Exercise prompt: Reproduce the listing below in full and exactly; no pictures belong in the copy.

Supplied information:

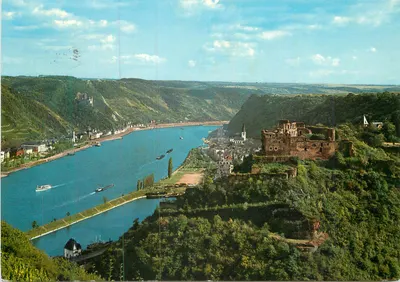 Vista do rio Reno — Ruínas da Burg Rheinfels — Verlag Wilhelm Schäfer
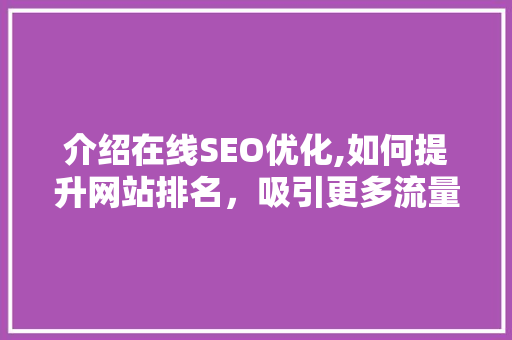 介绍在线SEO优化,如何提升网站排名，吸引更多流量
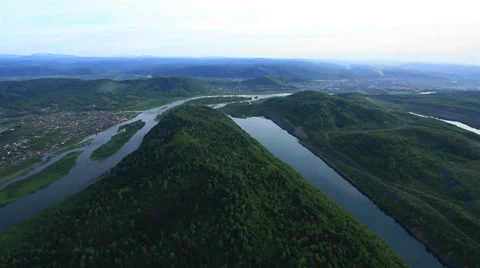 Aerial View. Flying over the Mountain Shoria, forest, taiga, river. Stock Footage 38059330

Task answer:
 Vista do rio Reno — Ruínas da Burg Rheinfels — Verlag Wilhelm Schäfer
 介绍在线SEO优化,如何提升网站排名，吸引更多流量
 Aerial View. Flying over the Mountain Shoria, forest, taiga, river. Stock Footage 38059330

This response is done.